18日オープンした新横浜ラーメン博物館の新店「名島亭」。
築炉釜出しとんこつラーメン750円。1987年創業の老舗。2008年のテレビ番組「九州ラーメン総選挙」で1位になったことがある。またクッキングパパの第一巻に登場している。
店主の城戸さんは修業先の「長浜一番」で店長をしていた頃、一風堂・河原さんが店に入り、先輩後輩として共に切磋琢磨していたという。独立して店を構えたが、試行錯誤の末にたどり着いたのがスープ釜を空にせず、継ぎ足していく「呼び戻し」方式。久留米ではこの手法が多いが、城戸さんは伝説の店「丸八」(今は閉店)で教わったようだ。なので、味わいとしては「博多+久留米」でもある。その頃から使っているのが五右衛門釜=築炉釜。築炉釜(ちくろがま)というのは鋳鉄製の羽釜のこと。下処理に手間と時間をかけ、じっくり煮込む割りには豚骨臭は控えめ。
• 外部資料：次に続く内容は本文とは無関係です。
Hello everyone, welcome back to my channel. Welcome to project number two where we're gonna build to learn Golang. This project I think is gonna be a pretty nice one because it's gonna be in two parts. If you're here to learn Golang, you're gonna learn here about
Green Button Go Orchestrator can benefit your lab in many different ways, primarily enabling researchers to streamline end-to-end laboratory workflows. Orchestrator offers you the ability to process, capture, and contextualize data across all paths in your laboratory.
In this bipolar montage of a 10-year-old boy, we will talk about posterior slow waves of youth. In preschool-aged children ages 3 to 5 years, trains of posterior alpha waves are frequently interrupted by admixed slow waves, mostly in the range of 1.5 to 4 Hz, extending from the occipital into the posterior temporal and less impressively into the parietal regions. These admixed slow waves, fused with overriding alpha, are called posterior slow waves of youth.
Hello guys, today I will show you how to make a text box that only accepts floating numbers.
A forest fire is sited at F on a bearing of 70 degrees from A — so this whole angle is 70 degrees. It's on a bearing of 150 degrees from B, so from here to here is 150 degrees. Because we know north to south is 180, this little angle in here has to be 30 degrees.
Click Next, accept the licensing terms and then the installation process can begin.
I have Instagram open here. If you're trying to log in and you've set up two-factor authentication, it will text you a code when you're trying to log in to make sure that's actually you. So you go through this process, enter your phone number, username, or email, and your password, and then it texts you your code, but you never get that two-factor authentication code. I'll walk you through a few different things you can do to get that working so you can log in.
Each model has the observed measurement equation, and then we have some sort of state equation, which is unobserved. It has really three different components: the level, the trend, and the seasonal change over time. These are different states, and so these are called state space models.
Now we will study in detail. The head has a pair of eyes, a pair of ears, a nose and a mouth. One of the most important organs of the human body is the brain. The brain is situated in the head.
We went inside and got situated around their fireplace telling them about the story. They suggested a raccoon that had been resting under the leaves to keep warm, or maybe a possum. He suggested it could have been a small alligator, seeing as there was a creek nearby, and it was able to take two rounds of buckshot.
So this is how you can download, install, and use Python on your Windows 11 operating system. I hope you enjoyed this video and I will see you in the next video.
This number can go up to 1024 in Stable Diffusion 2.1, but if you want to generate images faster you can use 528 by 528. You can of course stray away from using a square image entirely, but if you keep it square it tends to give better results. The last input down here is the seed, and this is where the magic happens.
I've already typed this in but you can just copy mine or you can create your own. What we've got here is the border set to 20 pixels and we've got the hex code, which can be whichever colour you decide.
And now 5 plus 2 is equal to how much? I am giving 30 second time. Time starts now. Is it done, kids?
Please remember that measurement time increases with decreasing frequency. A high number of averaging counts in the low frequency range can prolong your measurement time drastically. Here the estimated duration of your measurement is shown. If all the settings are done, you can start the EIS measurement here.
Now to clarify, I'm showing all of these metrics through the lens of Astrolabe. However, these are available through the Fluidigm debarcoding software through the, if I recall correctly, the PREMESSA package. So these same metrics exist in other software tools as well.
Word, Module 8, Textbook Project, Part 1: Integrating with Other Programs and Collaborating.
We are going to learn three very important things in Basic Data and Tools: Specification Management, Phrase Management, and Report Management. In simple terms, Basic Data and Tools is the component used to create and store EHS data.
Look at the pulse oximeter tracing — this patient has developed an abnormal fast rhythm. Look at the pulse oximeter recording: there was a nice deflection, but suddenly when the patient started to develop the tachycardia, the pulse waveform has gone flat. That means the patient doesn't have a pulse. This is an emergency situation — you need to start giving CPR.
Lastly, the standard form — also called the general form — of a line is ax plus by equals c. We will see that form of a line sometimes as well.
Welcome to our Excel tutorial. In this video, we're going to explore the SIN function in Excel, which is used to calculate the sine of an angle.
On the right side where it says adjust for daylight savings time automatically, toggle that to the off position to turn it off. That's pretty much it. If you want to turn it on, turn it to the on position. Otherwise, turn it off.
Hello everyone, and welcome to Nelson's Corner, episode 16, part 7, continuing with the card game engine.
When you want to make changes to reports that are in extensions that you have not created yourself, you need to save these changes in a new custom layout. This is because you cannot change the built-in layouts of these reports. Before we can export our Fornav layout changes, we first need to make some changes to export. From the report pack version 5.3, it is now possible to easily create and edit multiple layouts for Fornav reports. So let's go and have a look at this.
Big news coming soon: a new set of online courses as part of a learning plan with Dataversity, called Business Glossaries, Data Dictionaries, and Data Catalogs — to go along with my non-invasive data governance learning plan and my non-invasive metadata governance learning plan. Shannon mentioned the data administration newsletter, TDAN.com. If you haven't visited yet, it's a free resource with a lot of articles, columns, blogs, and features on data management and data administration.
名島亭の一番の特徴は店主の城戸さんであろう。「ラーメンは豚ガラ・鶏ガラ・人柄」と言われるが、その「人柄」がよく出た店である。私も全国のラーメン店を回ったが、笑顔が印象的でぶらりと入った一見さんに気軽に話しかけてきたのは、この「名島亭」と「みんず」(門司)である。昨年の東京ラーメンショーにも出店、城戸さんは店頭に立ってできるだけ沢山の人に話しかけていた。話が長引いてラーメンの提供が遅くなってしまうこともあったほど。それも重要な“調味料”だから運営側としても見過ごすしかなかった(笑)。
さて、今回のラーメン。レセプションに来た多くの人がブログなどで書いているが、正直、まだ少し浅い感じ。でも環境変われば味変わる、と言われるほどラーメンは生き物。私は昔の本店、リニューアル後の本店、東京ラーメンショーで日にちを変えて二回、そして今回と食べているが、それぞれ印象が違う。それはブレではなく、名島亭は名島亭、城戸さんは城戸さんなのだ。ラーメンは少し塩分高めで豚骨度は浅かったかも知れないが、今回も間違いなく元気をもらえた!城戸さんは、月内一杯くらいはいるようだ。ラーメン以外にはおでんと餃子もお勧め。